I don't honestly know how well super glue works on acrylic, but I would do a combination of acrylic stuck on with superglue and some small stainless machine screws with nuts. It, of course, depends on where the crack is. If you can cover the crack and go beyond it, it should be viable.


----------



## Hapguy63 (Feb 8, 2014)

After a little more research super glue on acrylic is not a good idea. I may not go with Acrylic for the brace. I may go with stainless or wood some other plastic material


----------



## Hapguy63 (Feb 8, 2014)

Doing some more research I think that I am just going to patch the crack with this http://www.jbweld.com/product/j-b-waterweld/. Any of you guys use this stuff?


----------



## Wolfie212 (May 11, 2012)

I took two pieces of aluminum and drilled holes on both ends and drilled hole in brace toward each end and used aluminum screws to create a support for the broken brace i sandwiched the old male between the 2 pieces of aluminum. Works great but you must use something that won't rust or warp


----------



## Hapguy63 (Feb 8, 2014)

Wolfie212 said:


> I took two pieces of aluminum and drilled holes on both ends and drilled hole in brace toward each end and used aluminum screws to create a support for the broken brace i sandwiched the old male between the 2 pieces of aluminum.

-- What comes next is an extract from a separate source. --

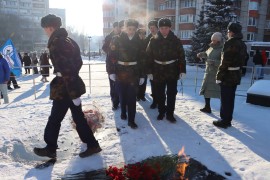 В преддверии Дня защитника Отечества в Кировском районе возложили цветы к вечному огню  #3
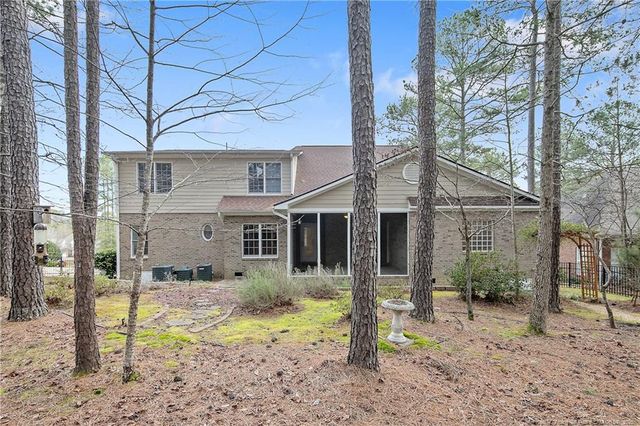 61 Fountain Park Circle, Spring Lake, NC 28390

Works great but you must use something that won't rust or warp


I though about doing something like you suggested but the plastic seems pretty week and I was afraid that the screws over time would just end up tearing through it. since the plastic brace was just starting to crack and was not cracked all the way through I wanted to strengthen the area so I ended up buying some metal plates and JB weld. I then filed the cracking area with JB weld then placed the metal plate over the crack and used the JB weld to epoxy the metal plate to the plastic brace. I let it sit and cure overnight and it seems rock solid now. Time will tell if it holds. Maybe I can use this down the road to scare the wife into letting me upgrade to a bigger tank...


----------



## kbro (Feb 14, 2014)

I bought a used bowfront tank off craigslist when I got home noticed the center brace had a crack in it right where it becomes the back trim piece. Like if it broke off completely it would look flush with the dip edge of the back trim I was lucky that it was a cheaper built tank with a flimsy center brace that is just one flat piece of plastic... Some of my other tanks have a molded hard nonflimsy center brace. Neways I took 2 pieces of glass pane and glued them one on top and one on bottom with silicone 1 and then put a wooden shim on both of those and tightened it down with C clamps tell it dried pulled off the clamps and wood shims filled er up and haven't had a problem.


----------